+1 again 8-)
On Mar 23, 2006, at 2:26 PM, Yoram Arnon wrote:
Another idea, in addition to an explicit format command, is to
configure the
name node with the cluster's data nodes, rather than allowing any
node to
connect ad hoc. A name node would then ignore an unexpected data
node. It
would also be able to report when a data node is missing and could
make
operational decisions based on the number and identity of nodes
that are up
vs. down.
-----Original Message-----
From: Doug Cutting [mailto:[EMAIL PROTECTED]

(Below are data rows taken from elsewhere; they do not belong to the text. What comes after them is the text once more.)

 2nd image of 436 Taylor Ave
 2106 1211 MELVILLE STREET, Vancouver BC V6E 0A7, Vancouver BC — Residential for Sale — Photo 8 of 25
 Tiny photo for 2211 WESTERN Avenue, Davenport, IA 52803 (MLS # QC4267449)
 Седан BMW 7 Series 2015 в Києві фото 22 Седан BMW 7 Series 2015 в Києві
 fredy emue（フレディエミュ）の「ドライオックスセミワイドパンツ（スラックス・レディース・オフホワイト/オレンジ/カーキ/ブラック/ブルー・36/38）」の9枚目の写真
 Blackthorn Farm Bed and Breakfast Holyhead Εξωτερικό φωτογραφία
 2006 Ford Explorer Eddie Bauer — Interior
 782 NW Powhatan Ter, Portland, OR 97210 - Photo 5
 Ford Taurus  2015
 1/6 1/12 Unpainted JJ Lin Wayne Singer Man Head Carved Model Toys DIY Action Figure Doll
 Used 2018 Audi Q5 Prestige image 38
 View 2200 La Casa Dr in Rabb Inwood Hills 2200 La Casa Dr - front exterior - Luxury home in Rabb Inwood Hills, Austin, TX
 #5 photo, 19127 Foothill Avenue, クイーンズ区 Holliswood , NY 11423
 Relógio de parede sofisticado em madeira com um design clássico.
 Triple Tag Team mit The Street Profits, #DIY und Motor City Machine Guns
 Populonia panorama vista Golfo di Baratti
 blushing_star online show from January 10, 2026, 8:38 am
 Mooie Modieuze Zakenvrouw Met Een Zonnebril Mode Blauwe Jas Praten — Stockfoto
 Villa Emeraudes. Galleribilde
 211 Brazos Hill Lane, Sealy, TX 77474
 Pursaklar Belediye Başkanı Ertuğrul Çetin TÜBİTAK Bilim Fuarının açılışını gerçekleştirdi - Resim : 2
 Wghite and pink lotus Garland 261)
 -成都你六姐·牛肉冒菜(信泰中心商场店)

Sent: Thursday, March 23, 2006 12:27 PM
To: [email protected]
Subject: Re: DFSck - fsck for hadoop
[EMAIL PROTECTED] wrote:
My error was that I intended to run nutch0 as job.tracker, but not as
a datanode. So, when I ran bin/start-all.sh to start the cluster, it
seemed to replicate the non-existent filesystem on nutch0; thereby
starting to delete all my precious data.
It would be nice if this were harder to do. A simple solution I
proposed
would be to make it so that a new filesystem is not created
automatically
when a namenode is started in an empty directory. Rather a
'format' command
could be required. A more complex solution might be to have a
filesystem
id. For example, some bits from each block id issued could be the
filesystem id. When datanodes report blocks from a different
filesystem,
the namenode would ignore them rather than delete them.
Doug